PCIE throughput test

Altera_Forum · ‎01-25-2013

Hi All,

I am doing a PCIE throughput test, the test result numbers are quite strange (write is 210MB/s but read is just 60MB/s for PCIE gen1 x1). I would like to ask for your suggestions and correction if there are wrong approaches in my test configuration.

My test configuration is as follow:

+ One board is configured as the Root Port, one board is configured as the Endpoint. PCIE link is gen 1, width x1, MPS 128B. Both boards run Linux OS

+ At Root Port side, we allocate a memory buffer and its size is 4MB. We map the inbound PCIE memory transaction to this buffer.

+ At Endpoint side, we do DMA read/write to the remote buffer and measure throughput. With this test the Endpoint will always be the initiator of transactions.

+ The test result is 214MB/s for EP Write test and it is only 60MB/s for EP Read test. The Write test throughput is reasonable for PCIe Gen1 x1, but the EP Read throughput is too low.

For the RP board, I tested it with PCIE Ethernet e1000e card and get maximum throughput ~900Mbps. I just wonder in the case of Ethernet TX path, the Ethernet card (plays Endpoint role) also does EP Read request and can get high throughput (~110MB/s) with even smaller DMA transfer, so there must be something wrong with my DMA EP Read configuration.

The detail of the DMA Read test can be summarized with below pseudo code:


  dest_buffer = kmalloc(1MB)
  memset(dest_buffer, 0)
  dest_phy_addr = dma_map_single(destination_buffer)
  source_phy_addr = outbound region of Endpoint
  get_time(t1)
  Loop 100 times
     Issue DMA read from source_phy_addr to dest_phy_addr
     wait for DMA read completion 
  get_time(t2) 
  throughput = (1MB * 100)/(t2 - t1)

Any recommendations and suggestion are appreciated. Thanks in advanced!

Altera_Forum · ‎01-25-2013

Have you verified the lengths of the PCIe TLP?

If the DMA isn't generating long enough TLP then you'll get low throughput - but I suspect that even 60MB/s requires reasonable le

ngth TLP.

The other difference between read and write might be due to the extra pipelining that can be done for writes. This will be significant if the initiator only has 1 read TLP outstanding at any time.

I've measured throughout from a small ppc (root port and initiator) to the fpga (slave) - I got similar values for read and write but only 20ns/byte to internal memory (SDRAM is a lot slower). Although that is timed from userspace so includes the copyout.

For our purposes that was enough - after I'd managed to get the ppc's pcie dma working.

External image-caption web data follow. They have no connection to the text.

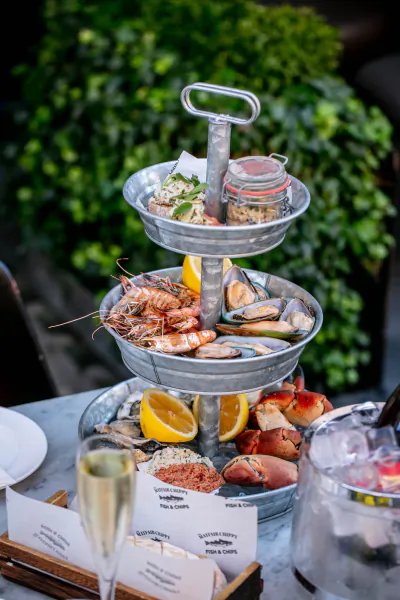 Three-tier metal tray with shrimp, mussels, oysters, lemon slices, and garnishes on outdoor table with champagne and 'Lobster Pot Booth' sign at The Mayfair Chippy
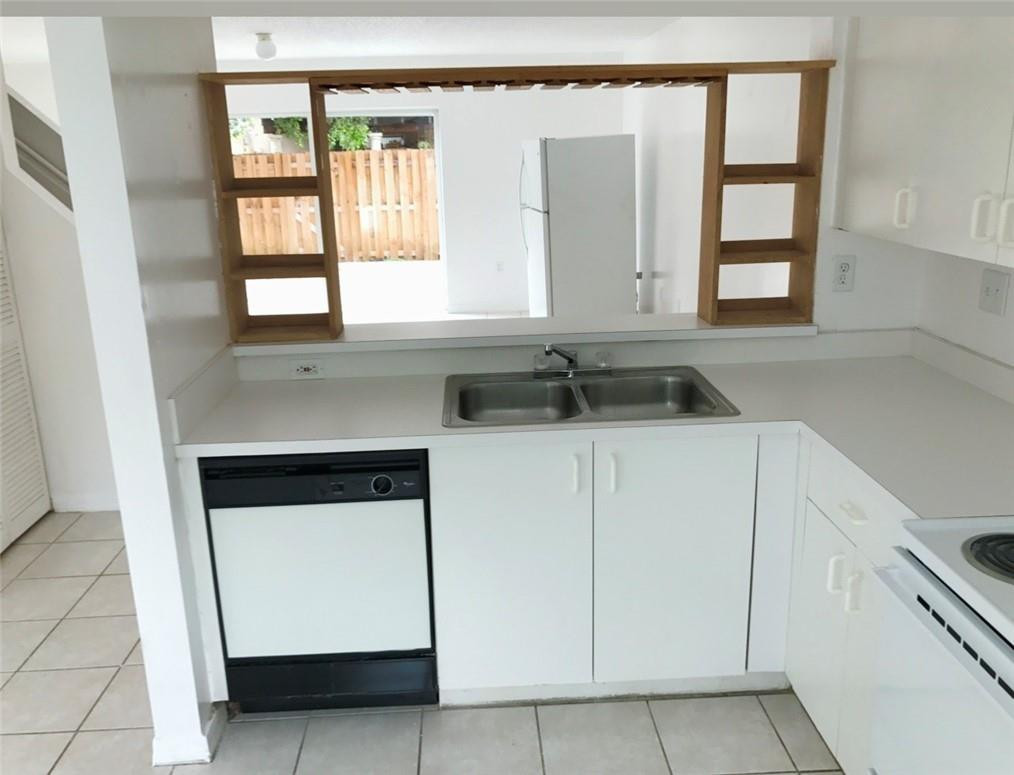 14085 Southwest 179th Terrace Miami, FL 33177 - Photo 2 of 6 a kitchen with white cabinets and a sink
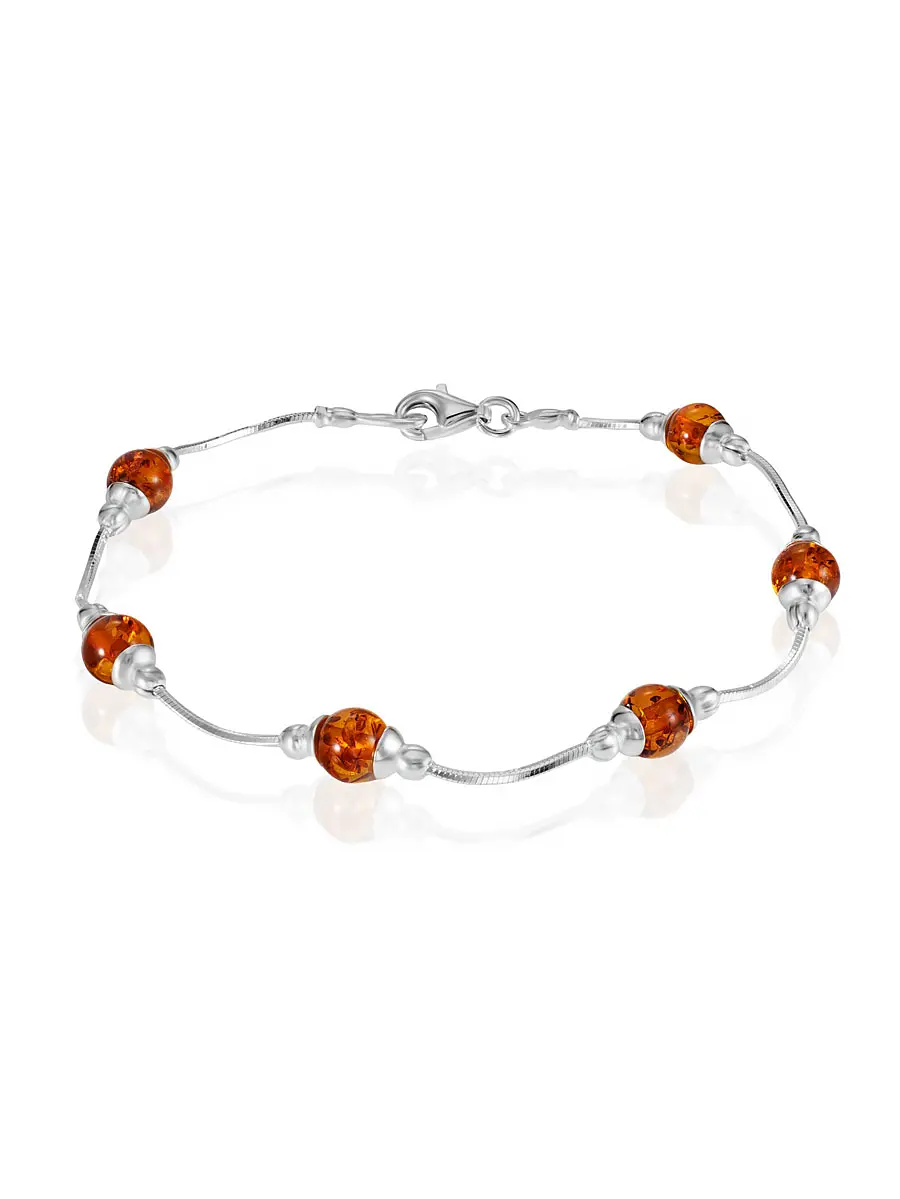 картинка Изящный тонкий браслет «Карамель» с коньячным янтарём в онлайн магазине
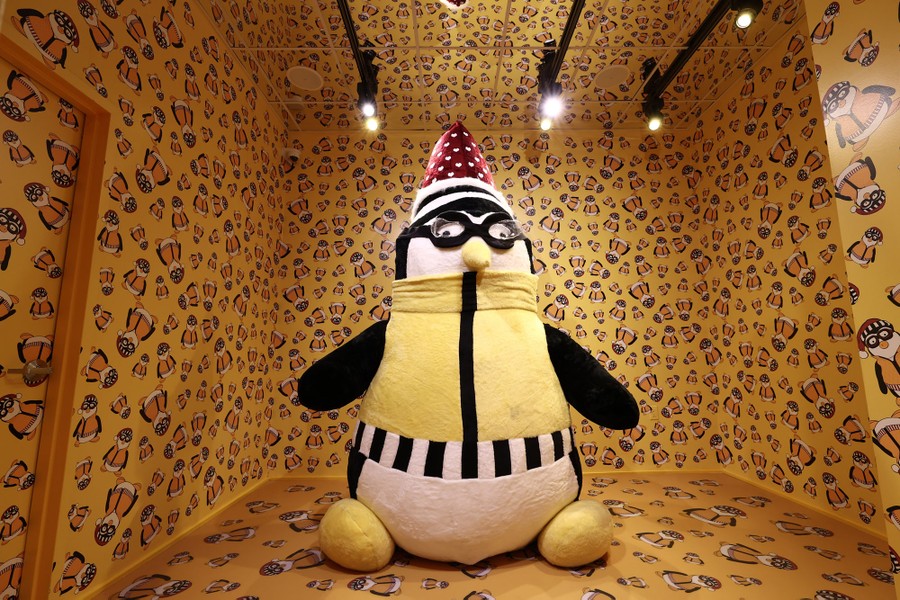 An enormous stuffed penguin sits in the middle of a room, with wallpaper on the walls covered in smaller images of the penguin.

Altera_Forum · ‎01-25-2013

Hi dsl,

Thank you for your reply!

We do not have a PCIE analyzer available to check the TLP length on wire, let me double check if there is some registers availble for this statistics.

The throughput of DMA from mem to mem is about 400MB/s, so we can remove the memory from the suspected bottleneck sources.

If we try to initiate the DMA test from the RP, we have the following numbers: RP read 147MB/s, RP write 174MB/s

There are two things that I can think of:

1/ The e1000e (as the EP device) has some better approaches to use its Read DMA to fetch the data from the RP, so that it gets much better throughput to sustain the Gigabit ethernet interface.

2/ This low throughput is a hardware constraint on the EP board. The PCIE core of the EP board support 2 outbound read request outstanding.

Altera_Forum · ‎01-25-2013

You can probably infer the TLP length by using signaltap to look at the memory transfers at the slave end.

That might also show up other 'interesting' artifacts.

Altera_Forum · ‎01-25-2013

Your setup and terminology is confusing me a bit. Normally reads/writes are talked about with respect to the host (root port), but I can't tell if you're asking about this or data flow from RP to the EP (a read from the perspective of the EP, although your psuedo-code appears to be sending data the other way). I understand that the reads are initiated (requested) by the EP. Can you clarify your setup some more?

On the FPGA, what kind of design are you using? Is it one of the Altera-provided designs, or is it custom? Your fpga setup will make a significant impact to TLP size. For example, if you're using Qsys with the Altera PCIe core and your DMA is not sending bursts (or using a bursting interface) to the PCIe core, your TLPs are going to be sub-optimal. Is your role to work on the FPGA design or just the software?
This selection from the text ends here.